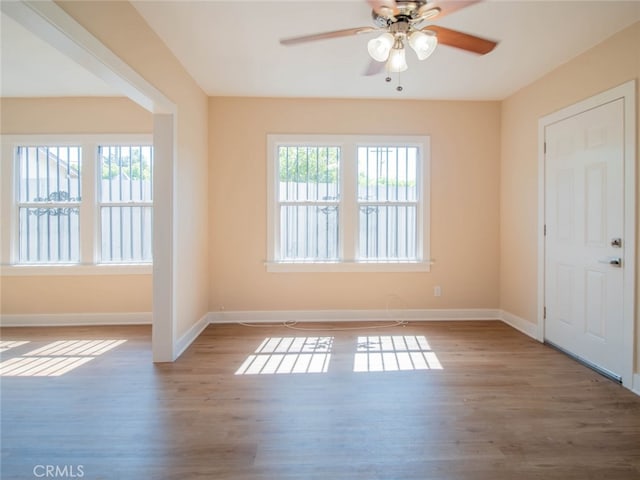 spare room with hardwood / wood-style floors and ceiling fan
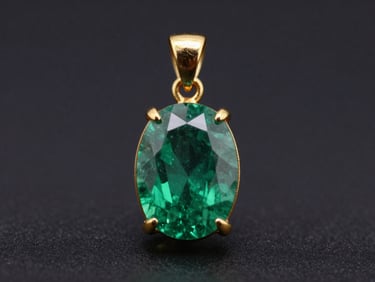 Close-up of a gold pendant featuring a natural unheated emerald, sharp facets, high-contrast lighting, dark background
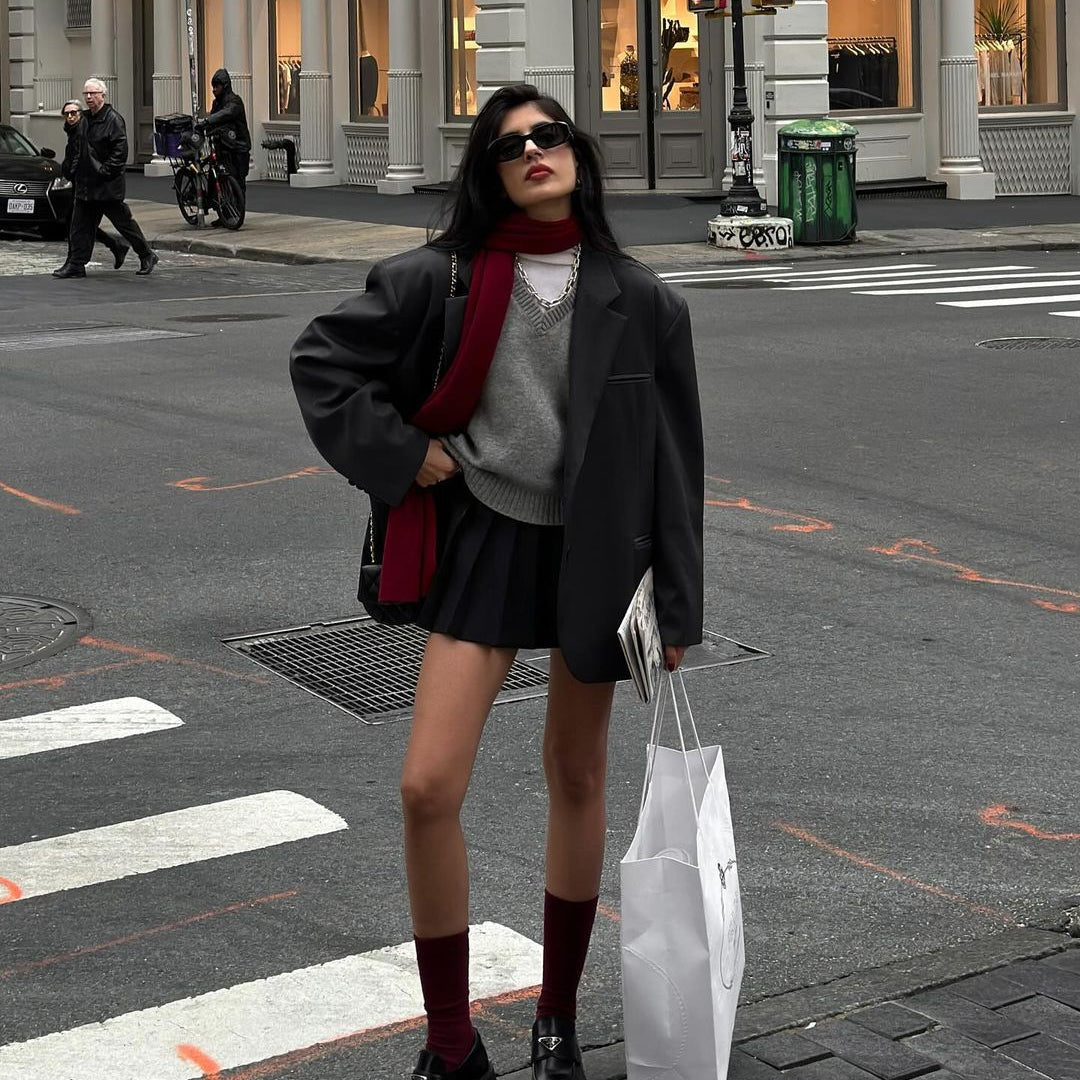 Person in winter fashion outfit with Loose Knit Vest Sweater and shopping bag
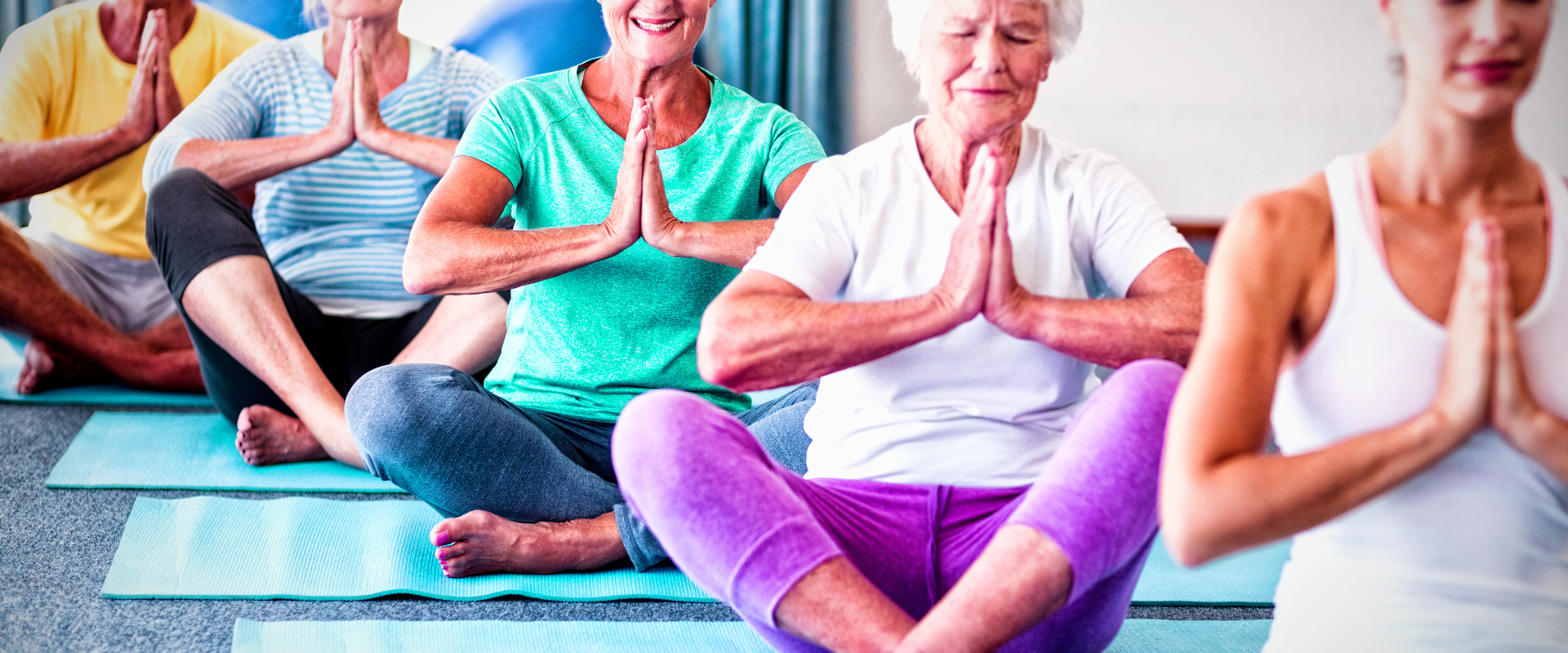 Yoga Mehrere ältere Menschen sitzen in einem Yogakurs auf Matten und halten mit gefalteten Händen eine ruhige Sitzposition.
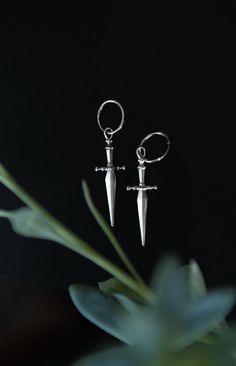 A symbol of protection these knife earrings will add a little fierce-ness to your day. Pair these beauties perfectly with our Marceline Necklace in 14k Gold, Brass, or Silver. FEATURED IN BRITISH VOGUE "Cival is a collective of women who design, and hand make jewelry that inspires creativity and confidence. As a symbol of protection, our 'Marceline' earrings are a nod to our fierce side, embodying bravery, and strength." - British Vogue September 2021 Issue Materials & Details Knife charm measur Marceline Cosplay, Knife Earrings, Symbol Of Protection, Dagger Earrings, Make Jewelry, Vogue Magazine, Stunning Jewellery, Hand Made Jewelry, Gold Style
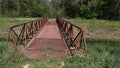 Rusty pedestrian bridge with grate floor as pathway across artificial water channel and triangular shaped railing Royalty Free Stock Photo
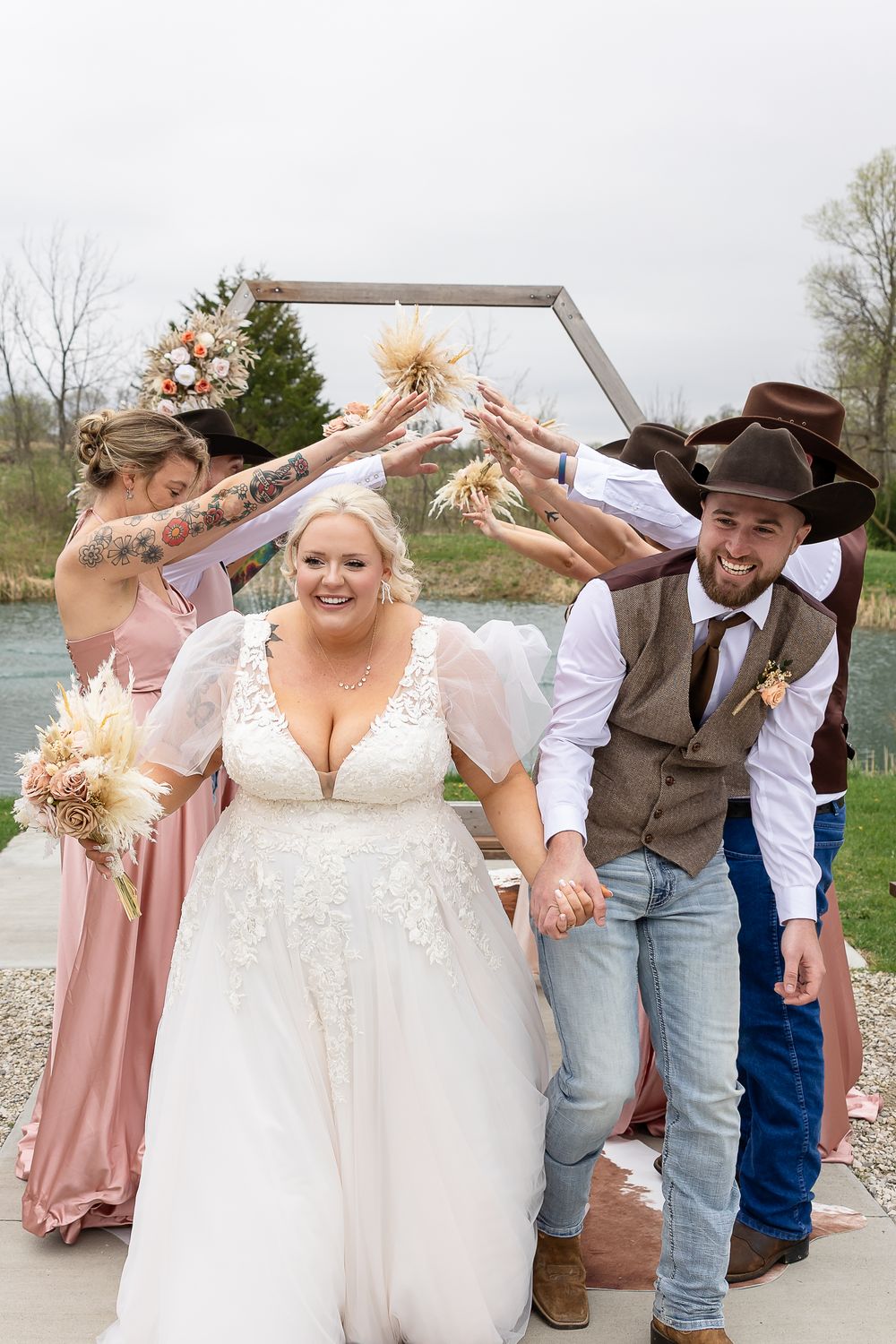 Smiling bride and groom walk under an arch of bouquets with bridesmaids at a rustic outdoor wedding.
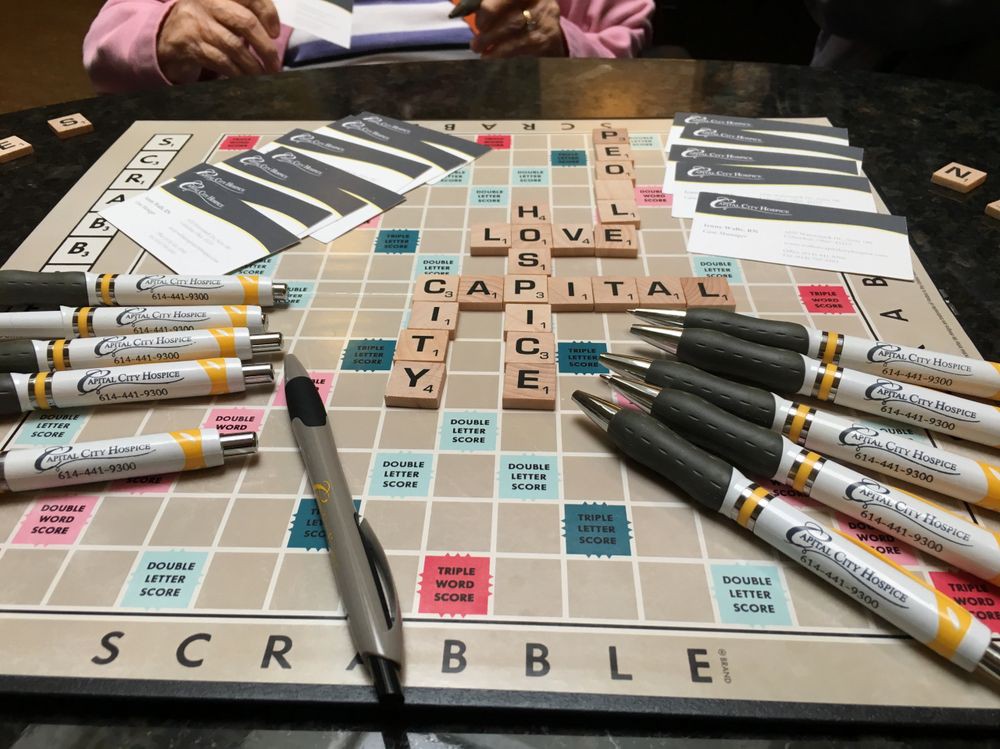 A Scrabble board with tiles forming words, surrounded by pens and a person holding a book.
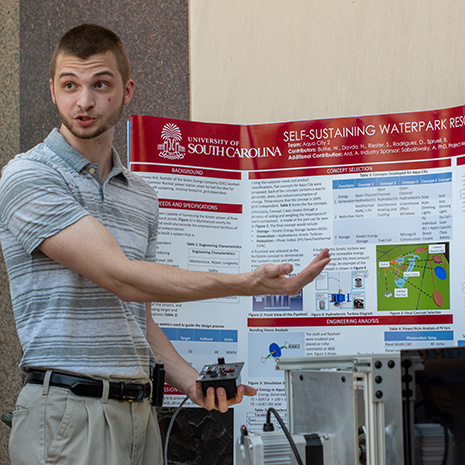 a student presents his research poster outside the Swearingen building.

- _Goal of the exercise_
Within the material above, only the stretch from the line holding "Yoga Mehrere ältere" through the line holding "A Scrabble board" is to be restated exactly. Pictures are dropped.

- _Expected answer_
 Yoga Mehrere ältere Menschen sitzen in einem Yogakurs auf Matten und halten mit gefalteten Händen eine ruhige Sitzposition.
 A symbol of protection these knife earrings will add a little fierce-ness to your day. Pair these beauties perfectly with our Marceline Necklace in 14k Gold, Brass, or Silver. FEATURED IN BRITISH VOGUE "Cival is a collective of women who design, and hand make jewelry that inspires creativity and confidence. As a symbol of protection, our 'Marceline' earrings are a nod to our fierce side, embodying bravery, and strength." - British Vogue September 2021 Issue Materials & Details Knife charm measur Marceline Cosplay, Knife Earrings, Symbol Of Protection, Dagger Earrings, Make Jewelry, Vogue Magazine, Stunning Jewellery, Hand Made Jewelry, Gold Style
 Rusty pedestrian bridge with grate floor as pathway across artificial water channel and triangular shaped railing Royalty Free Stock Photo
 Smiling bride and groom walk under an arch of bouquets with bridesmaids at a rustic outdoor wedding.
 A Scrabble board with tiles forming words, surrounded by pens and a person holding a book.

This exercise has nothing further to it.